Unsecured taxes are levied on personal property other than real estate,
land and buildings. These taxes are secured by liens on the property
being taxed.
Totals (Memorandum Only) - The column in the financial statements
captioned "Totals (Memorandum Only)" is presented for purposes of
additional analysis and is not a required part of the basic financial
statements. This data is not comparable to a consolidation and does not
present financial position or results of operations in conformity with
generally accepted accounting principles.

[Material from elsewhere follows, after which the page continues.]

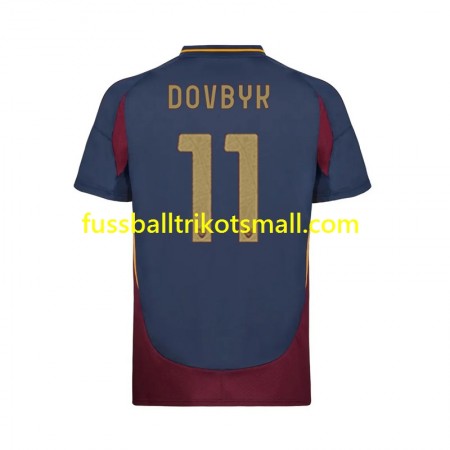 Fußballtrikots AS Rom Artem Dovbyk 11 2024-2025 Kurzarm 3rd trikot kaufen
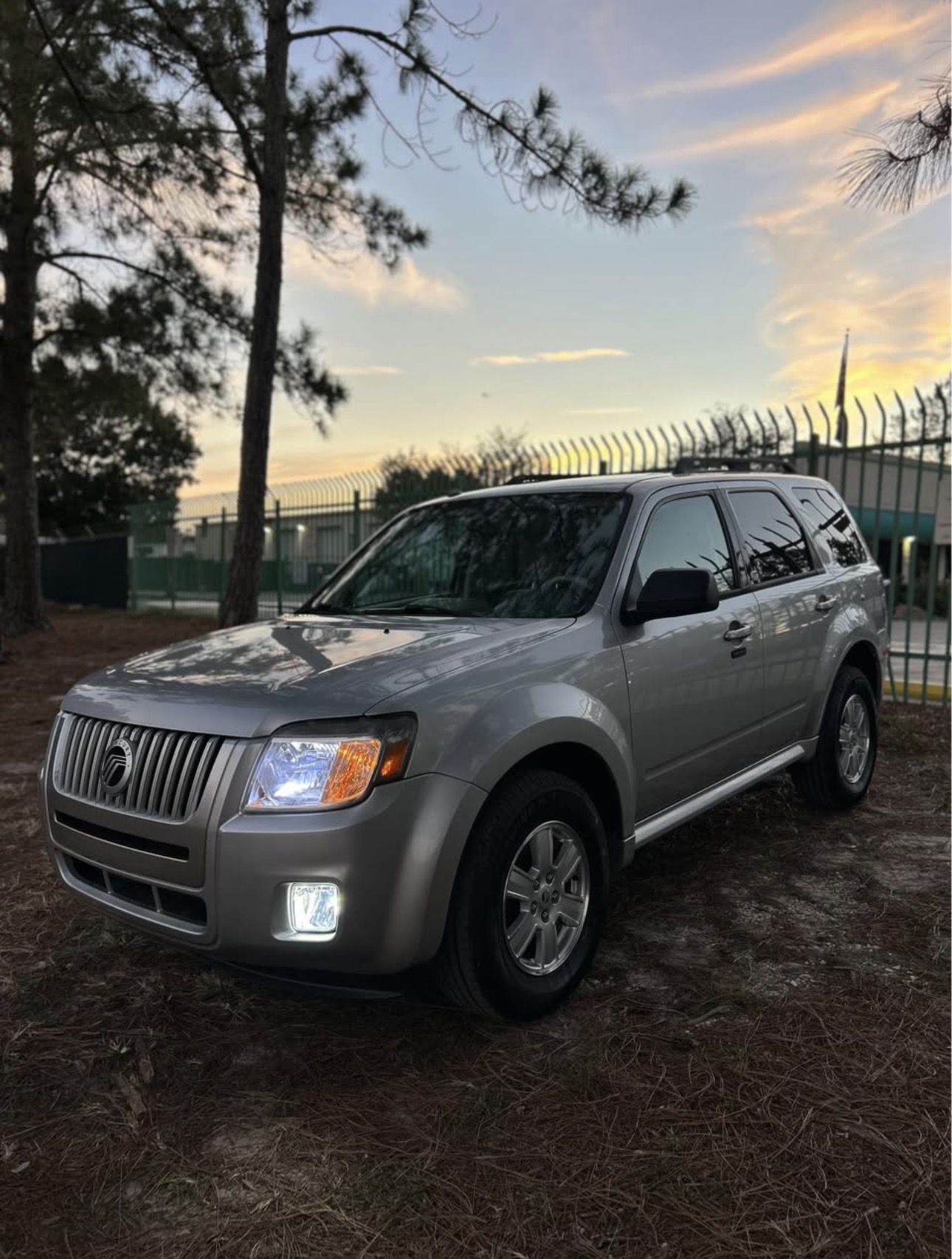 2010 Mercury Mariner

2. CASH AND CASH INVESTMENTS
At March 31, 1991, the carrying value of the General Fund's deposits in
cash and cash investments was $13,415,636 and the balance reported by the
respective financial institution and County of Santa Clara was $13,702,098
and consists of:
Commercial bank demand deposits $ 91,620
Cash investments including U.S. Treasury notes,
commercial paper, bankers acceptances and
repurchase agreements 4,782,967
County of Santa Clara pooled investment fund 8,827,511
TOTAL $13,702,098
Cash held in commercial bank demand deposits are insured up to $100,000 by
federal depository insurance. The District's cash investments are
insured, registered or collateralized by securities held by the District
or its agent in the District's name. These investments had a market value
of $4,809,904 at March 31, 1991.
Investments made with District funds are restricted by State law. The
County investment pool is subject to these restrictions and additional
restrictions prescribed by the County.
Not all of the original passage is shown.